Smoking sure does look disgusting and smells disgusting. Wish they would ban them frigging' things. Maybe health insurance rates would go down to where a self employed person could afford it. Got a quote from Blue cross for me and my wife and they wanted almost 1,200$ a month, and were only 25 Y.o.


----------



## Mackman (Nov 3, 2009)

ScottPA;886538 said:


> Smoking sure does look disgusting and smells disgusting. Wish they would ban them frigging' things. Maybe health insurance rates would go down to where a self employed person could afford it. Got a quote from Blue cross for me and my wife and they wanted almost 1,200$ a month, and were only 25 Y.o.


Well maybe we should ban candy bars, fast food, beer, etc. etc. They are all not good for you and cost the health insurance companys money. :laughing:

I know smoking is bad. Im 26 smoke around a pack a day. But i do enjoy it. If you never smoked then you wont undertstand. But to all the smokers out there. They know there is nothing like a good cup of coffee and a smoke. It is relaxing. Just my 2cents.


----------



## ScottPA (Nov 11, 2009)

Mackman;886589 said:


> Well maybe we should ban candy bars, fast food, beer, etc. etc. They are all not good for you and cost the health insurance companys money. :laughing:
> 
> I know smoking is bad.
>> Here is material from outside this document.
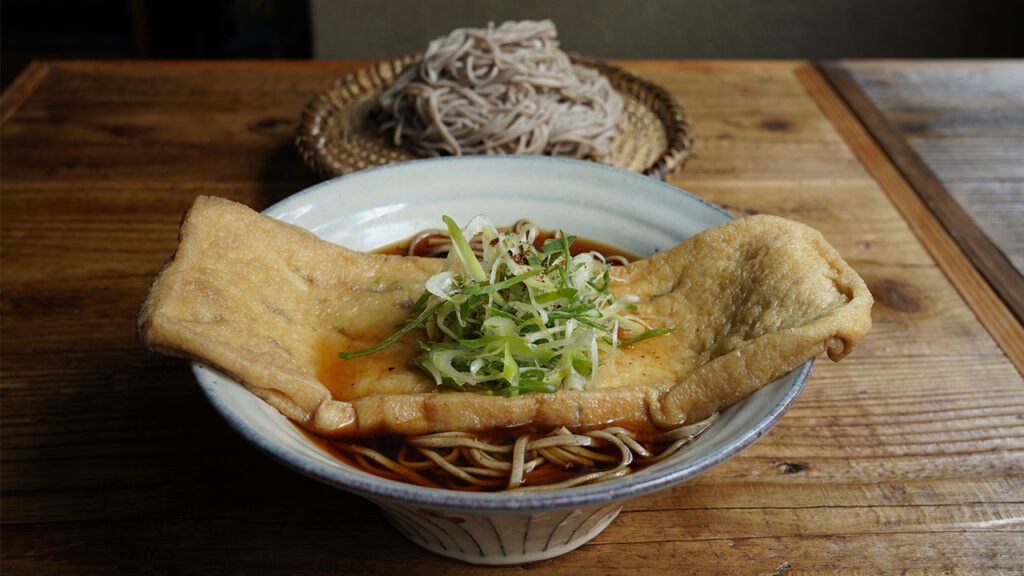 京きつね九条葱そば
Im 26 smoke around a pack a day. But i do enjoy it. If you never smoked then you wont undertstand. But to all the smokers out there. They know there is nothing like a good cup of coffee and a smoke. It is relaxing. Just my 2cents.


I have smoked before. It is enjoyable. But there are lots of other enjoyable healthy alternatives.


----------



## Mark Oomkes (Dec 10, 2000)

ScottPA;886590 said:


> I have smoked before. It is enjoyable. But there are lots of other enjoyable healthy alternatives.


Like badminton.


----------



## ScottPA (Nov 11, 2009)

Mark Oomkes;886599 said:


> Like badminton.


This coming from the guy who was mad over a pipe with residue?


----------



## Bajak (Nov 12, 2008)

ScottPA;886603 said:


> This coming from the guy who was mad over a pipe with residue?
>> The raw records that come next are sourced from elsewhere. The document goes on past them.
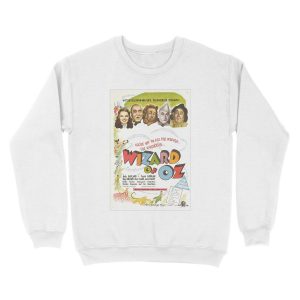 Alternative view of The Wizard of Oz (Alt) Unisex Crewneck Sweatshirt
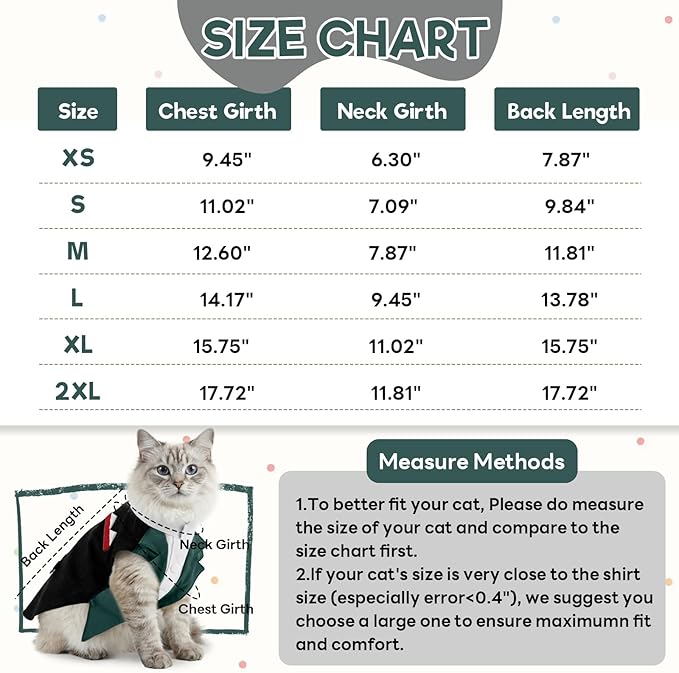 Cat Tuxedo Suit, Stylish Cat Tuxedo Outfit Formal Suit, Kitten Formal Attire Wedding Birthday Onesie Costume for Male Girl Hairless Cats, Pet Fashion Apparel Fancy Clothes, Grey, M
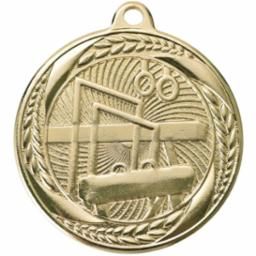 GYMNASTICS MEDAL 2" BG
What happened to that? It seems to have disappeared.


----------



## Mark Oomkes (Dec 10, 2000)

ScottPA;886603 said:


> This coming from the guy who was mad over a pipe with residue?


Fine, I just didn't think there was much cardiovascular activity in curling.


----------



## Ladysnowmover (Dec 3, 2009)

*Smokiing*

I am a woman small business owner, and also a heavy smoker. I currently own a snow removal business, and have 8 sub contractors, which 5 are also women drivers, and yes they all are smokers too. 
They all have thier own equipment and what they do I have no control over, but common sense prevails when doing the job. I don't think any of my people, ladies and men are going to light up while shoveling snow in front of an office building or a private residence. They all have been asked not to throw butts out thier windows while plowing so I have provided portable ashtrays for the ones who dont have them already in thier trucks. 
Again its common sense, and for the most part, I really don't think anyone is going to say something about smoking especially at 3 am in the morning when we are plowing.


----------



## NICHOLS LANDSCA (Sep 15, 2007)

I don't think it's professional but how many people are out at 4am? I don't allow smoking in the trucks so it's really hard to figure out how there are some burn holes in some of the trucks As for looking professional I don't allow shorts, and shirts stay ON I don't care how hot it is.


----------



## TommyMac (Nov 20, 2009)

NICHOLS LANDSCA;887240 said:


> I don't think it's professional but how many people are out at 4am? I don't allow smoking in the trucks so it's really hard to figure out how there are some burn holes in some of the trucks As for looking professional I don't allow shorts, and shirts stay ON I don't care how hot it is.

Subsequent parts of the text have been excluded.